Mr Swinney had reckoned that this was precisely the time to launch, in a newspaper article, his latest campaign to break up Britain by setting out his stall for Scottish independence.
He was wrong. He failed pretty dismally to muscle in on the major event by writing that he will demand a new referendum be held if his party wins a majority of seats at the Scottish Parliament election next May.
If anyone really cared, it didn't look like it. Other than a brief statement in that he believed that John Swinney was a nice man and that he'd be meeting him later, the president said he'd rather not get involved in the independence issue.

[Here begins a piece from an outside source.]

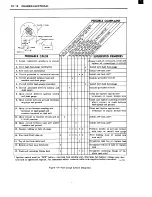 Preview for 617 page of GMC 1975 ZEO 6083 Maintenance Manual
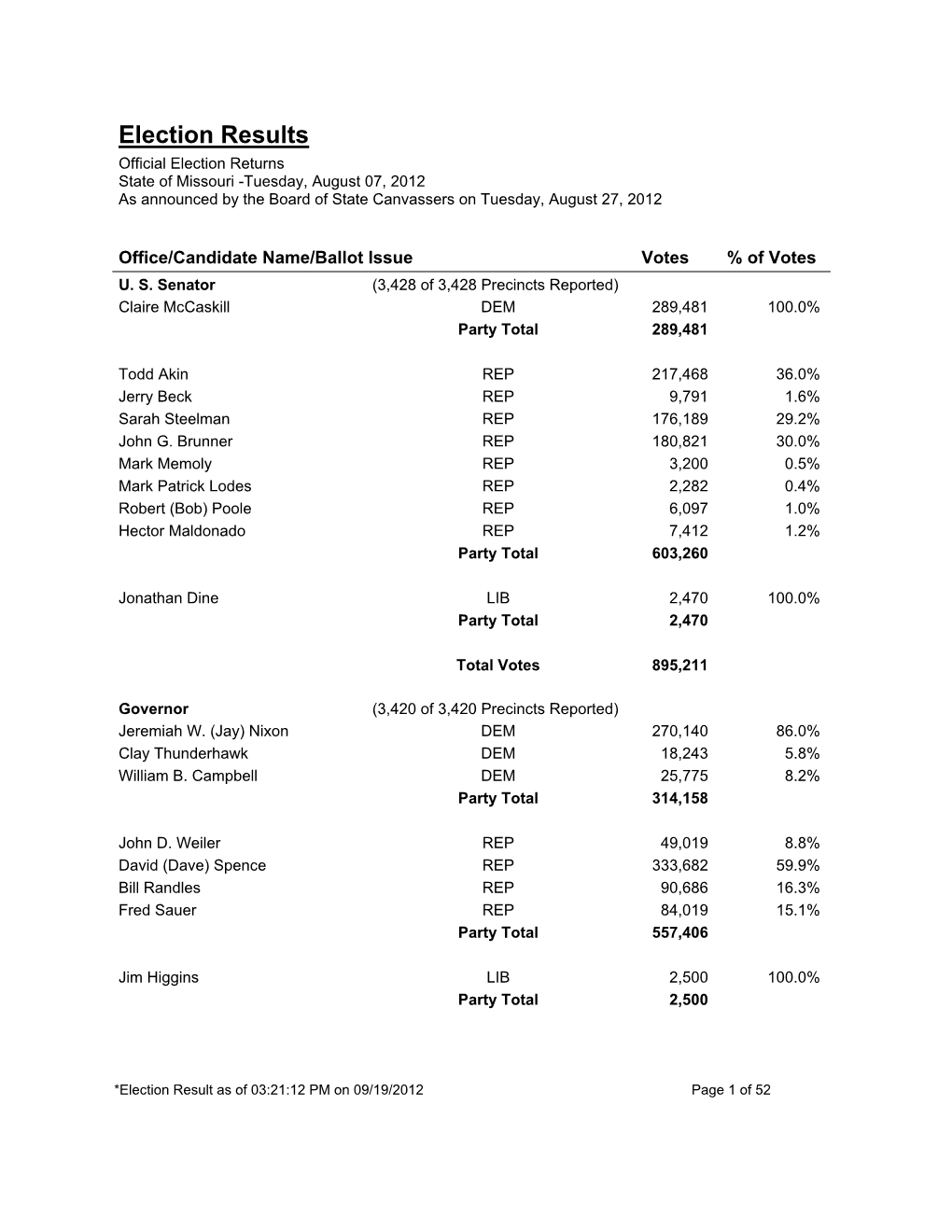 Election Results Official Election Returns State of Missouri -Tuesday, August 07, 2012 As Announced by the Board of State Canvassers on Tuesday, August 27, 2012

However, he did mention that he'd been in Scotland on the day before the last referendum in September 2014, when he said that he had been right in predicting the result, adding: 'I like to be correct.'
And he went on to say that back then he had understood that it would be '50 or 70 years before they can take another vote', as they couldn't go through that again.
Furthermore, just in case anyone believed that there was even an iota of disagreement between the two leaders over breaking up Britain, Keir Starmer insisted that a stronger Scotland would be better off within the strength of the United Kingdom. And he said it was time that Mr Swinney spent more time getting domestic policies right in Scotland, rather than the constitution.
Pipe dream
The new independence 'masterplan', if such it is, from the First Minister represents a significant change in nationalist plans.
Previously Nicola Sturgeon has said that she'd demand a new legal referendum – so-called indyref2 – if next year's Holyrood vote produced an overall majority in the new parliament of all the parties which supported independence.
But what John Swinney is planning – and perhaps this is his main objective after all – is to re-vitalise his party's activists who've been furious at the lack of determination in the SNP leadership in recent years to pursue their lifelong objective of Scottish independence.
Instead, they've had to put up with La Sturgeon's supposed obsession with issues like gender reform, which caused several years of bitter internal feuding but also saw the UK Government veto-ing her most controversial legislation.
Several things are certain – talking about getting a majority of SNP members elected next year, given the party's poor record on issues like the health service and education, would be hard enough. But actually using such a majority to actually gain a new referendum is, I think, a huge 'ask' given that all of the parties likely to form the government at Westminster are opposed.
And as for actually winning Scottish independence seems to be the pipe dream it always has been.
The president was untypically diplomatic in seeking to stay out of the debate about Scottish independence but went out of his way to repeat, time and again, his love of Scotland, where his mother was born.
And he also made plain his desire that Scotland should do well. 'I want to see Scotland thrive,' he said.
There were also numerous references from the president during the Turnberry news conference about his admiration and respect for King Charles, who is known, like his mother, to be an undeclared but unsurprising backer of his United Kingdom.
And it is worth remembering that Queen Elizabeth played a crucial – if extremely low-key – role in that 2014 referendum. I can't imagine her successor being any different.